L'expatriation n'a pas à être un « grand projet extraordinaire », ni même « le projet d'une vie ». Il n'est pas nécessaire de partir au bout du monde. Le projet ne perd pas en intérêt si le voyage se fait dans le pays d'à côté. Il ne faut pas forcément « tout plaquer et aller au bout du monde » pour se retrouver.

L'expatriation ne conviendra pas à tout le monde. Certains se retrouveront davantage dans un voyage court. D'autres ne voyageront pas du tout, mais mettront en place des changements tout en restant dans leur environnement.

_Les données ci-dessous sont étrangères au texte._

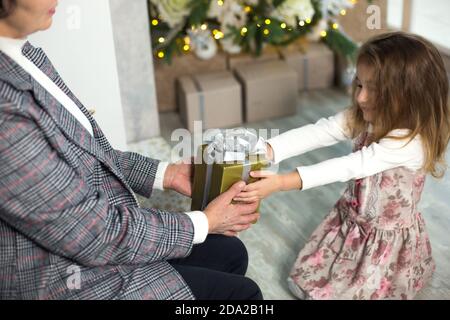 Oma schenkt ihrer Enkelin ein Weihnachtsgeschenk. Das Mädchen streckt ihre Hände auf die Kiste mit dem Bogen. Neujahr, Familienurlaub, communicatio Stockfoto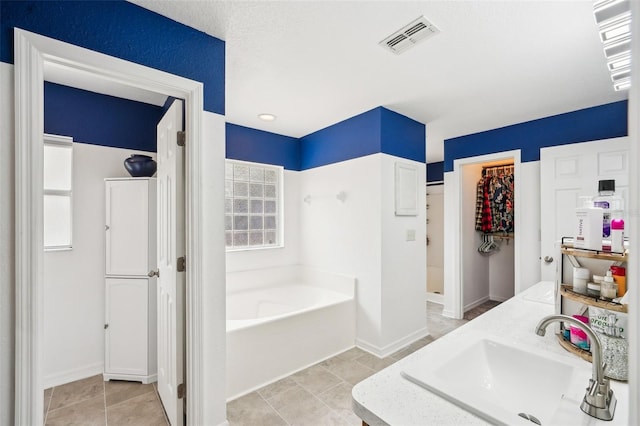 bathroom featuring visible vents, a sink, baseboards, and a bath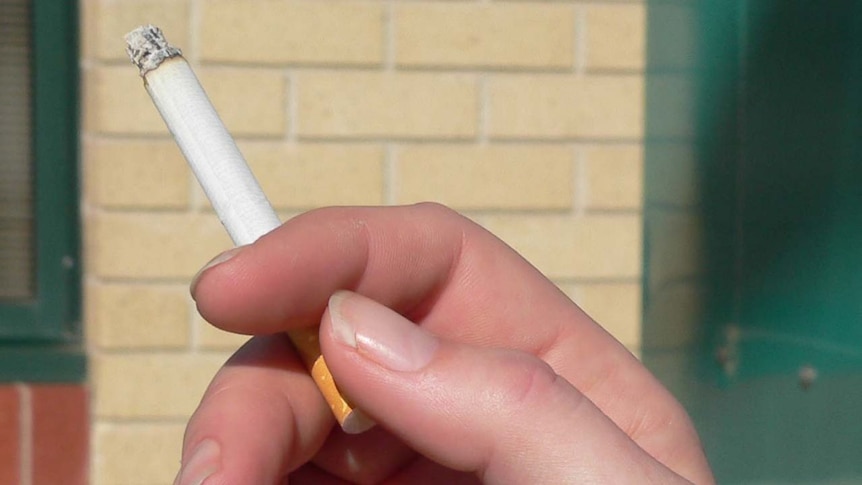 smoker holding a cigarette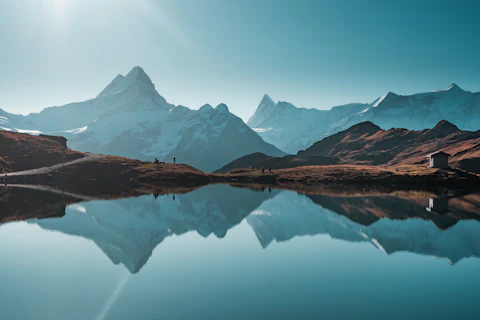 A mountain range with a lake in the foreground
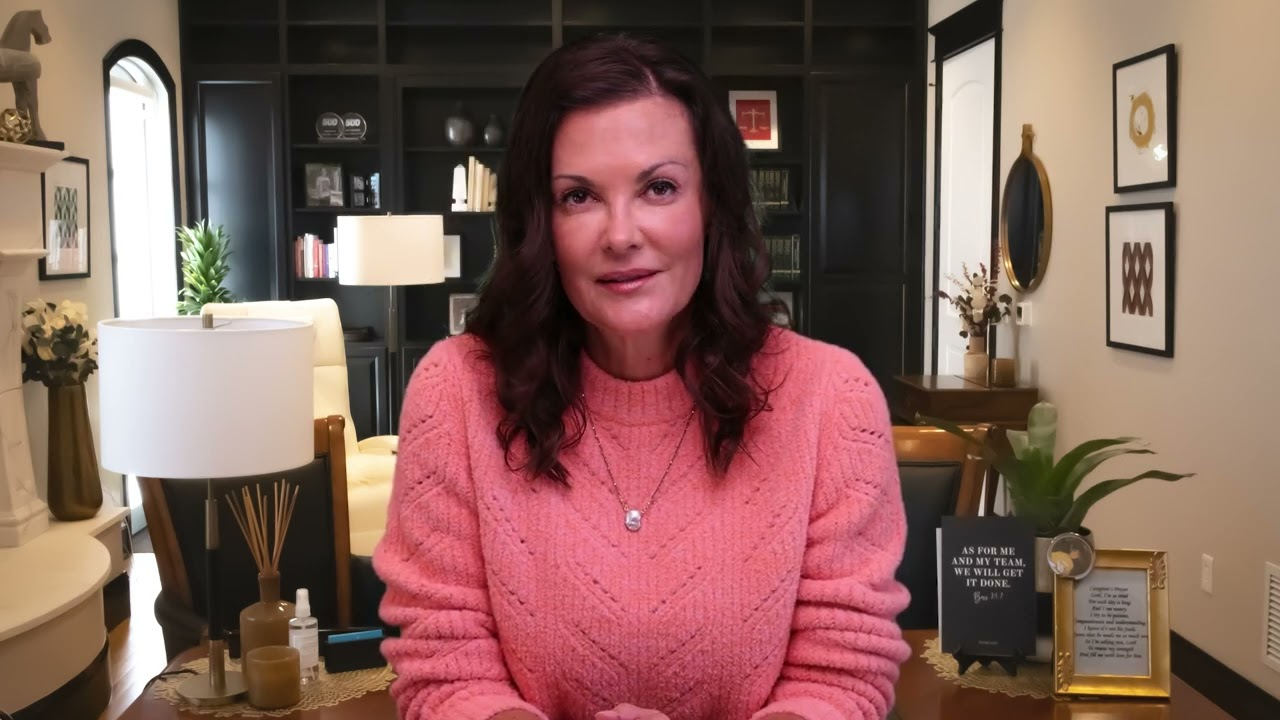 Woman in a pink sweater seated in a warmly lit room with bookshelves and framed art.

L'expatriation n'est pas « un projet fou ». Ce n'est pas un projet hors du commun, mais un projet qui demande d'avoir les deux pieds sur terre pour remplir correctement sa demande de visa et de titre de séjour. Le projet doit être réaliste pour être réalisable. Sinon, il restera au stade du rêve. Or, le projet est de vivre l'expatriation, pas un rêve d'expatriation (qui risquerait d'entraîner une frustration).

Ce que l'expatriation est 

Certes, l'expatriation peut être un challenge, un beau parcours de vie, une redécouverte de soi et une découverte des autres. Mais l'expatriation, c'est d'abord :

  • Une demande de visa, de permis de séjour ;
  • Des démarches souvent longues ;
  • Beaucoup de patience ;
  • Des dépenses ;
  • Des contacts réguliers avec les services de l'immigration.

Un tel projet nécessite beaucoup d'énergie. Le voyage à l'intérieur de soi ne commence pas dans le pays étranger, mais dans les papiers à remplir pour y aller. C'est là que le voyageur testera sa capacité à se renseigner et à faire le tri dans les infos, à demander de l'aide, à apprendre la langue du pays étranger s'il y a besoin, à se motiver quand les portes se ferment, à adapter le projet aux différentes contraintes, à être réaliste. 

S'expatrier pour mieux se retrouver : les conseils en plus

Mieux vaut envisager le projet d'expatriation en fonction de ses forces actuelles. Il ne faut pas hésiter à mettre en pause ou à recalibrer un projet d'expatriation difficile à mettre en œuvre. Il faut garder à l'esprit que l'expatriation demande beaucoup d'énergie. Mieux vaut préserver sa santé mentale et éviter de se lancer dans un projet trop ambitieux si les forces manquent.

Pour mieux se retrouver, on peut aussi tester le voyage de plusieurs semaines ou mois, en profitant des exemptions de visa permises par sa nationalité. Les ressortissants au « passeport fort » ont la chance de pouvoir voyager dans un grand nombre de pays jusqu'à 3 mois sans visa.

On insiste sur l'importance de ne pas trop attendre de l'expatriation. À lire les récits palpitants d'expats partis « sans rien attendre du pays étranger » et ayant découvert « le bonheur, la paix, l'amour et la richesse », on est tenté de croire que l'expatriation est une roue de la fortune. Bien sûr, ce genre de témoignage motive. Mais il ne faudrait pas attendre de vivre la même chose. Le point de départ est le bon : partir sans rien attendre du pays étranger (pour la simple raison que personne ne sait ce qu'il s'y passera…). Il ne s'agit bien sûr pas d'être pessimiste, au contraire. On s'engage positivement dans sa nouvelle vie à l'étranger, en pensant avant tout à soi.

S'expatrier c'est aussi affronter la solitude. Il convient de garder cela à l'esprit pour éviter les déconvenues. Il y aura peut-être des moments de solitude involontaire. À contrario, des expats recherchent justement ces instants de solitude pour mieux se retrouver. 

Plutôt que d'attendre des objectifs précis, vaut mieux se laisser porter, apprécier simplement la nouvelle dynamique sans exiger des choses que le pays étranger ne pourra pas régler. On se verra progressivement changer au contact des autres et de leur culture. On est capable d'apprendre une nouvelle langue, de faire des rencontres, de se débrouiller dans un nouvel environnement… Cette redécouverte de soi est une nouvelle rencontre avec soi qui inspire et motive.